*Materials provided*
◇ ◇ ◇ ◇ ◇ ◇ ◇

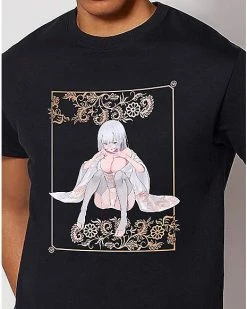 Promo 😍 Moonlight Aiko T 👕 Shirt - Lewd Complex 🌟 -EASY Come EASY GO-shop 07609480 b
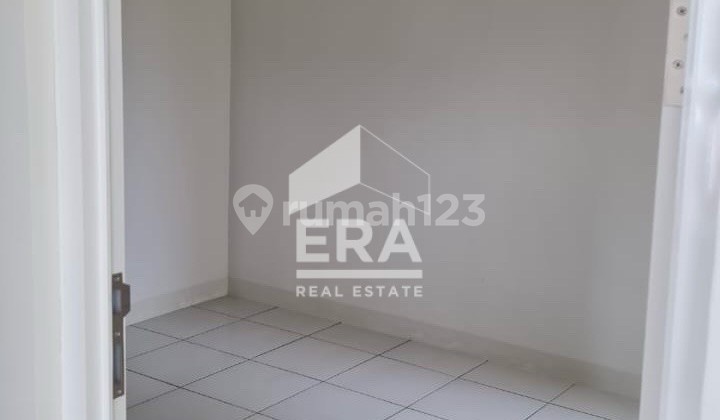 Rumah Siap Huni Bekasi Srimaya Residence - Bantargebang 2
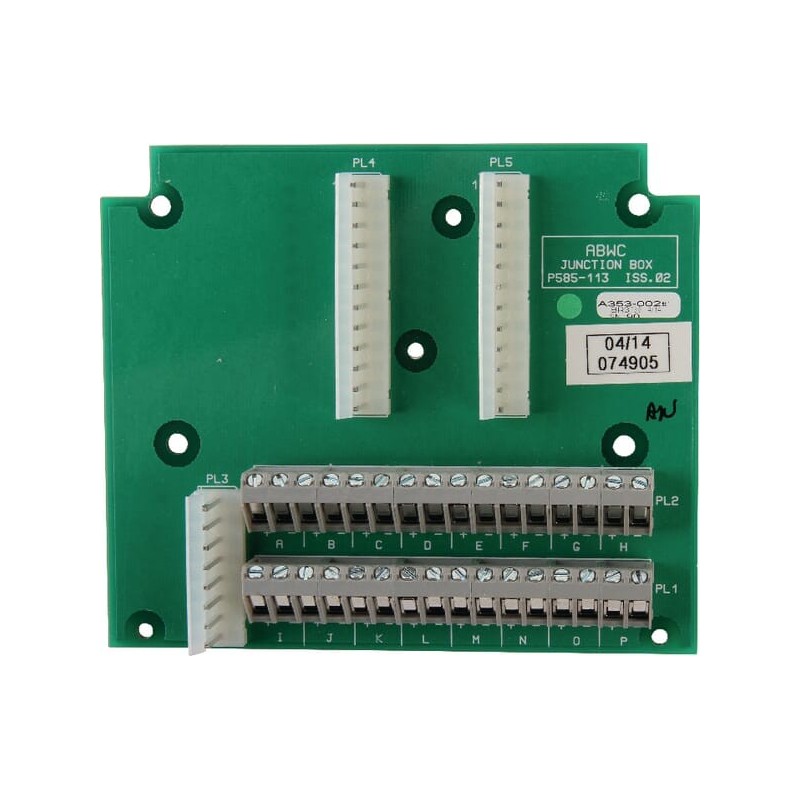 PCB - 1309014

◇ ◇ ◇ ◇ ◇ ◇ ◇

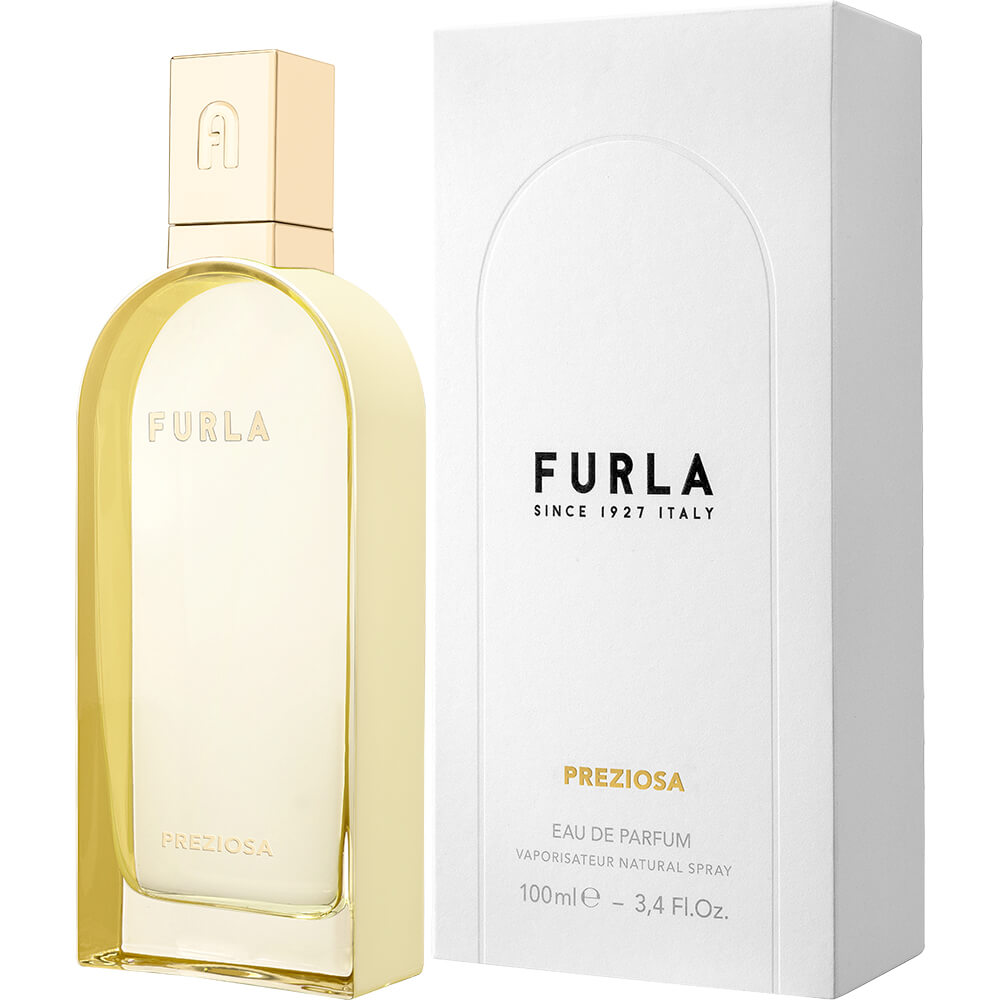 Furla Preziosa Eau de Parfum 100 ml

◇ ◇ ◇ ◇ ◇ ◇ ◇

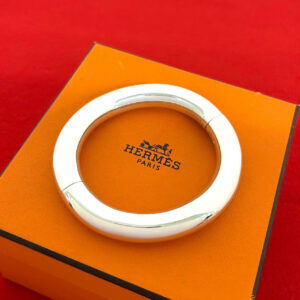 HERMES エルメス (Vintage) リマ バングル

◇ ◇ ◇ ◇ ◇ ◇ ◇

*Directions*
Copy word for word only the lines above from the one with "Promo 😍 Moonlight" through the one with "PCB - 1309014". Leave pictures out.

*Answer space*
 Promo 😍 Moonlight Aiko T 👕 Shirt - Lewd Complex 🌟 -EASY Come EASY GO-shop 07609480 b
 Rumah Siap Huni Bekasi Srimaya Residence - Bantargebang 2
 PCB - 1309014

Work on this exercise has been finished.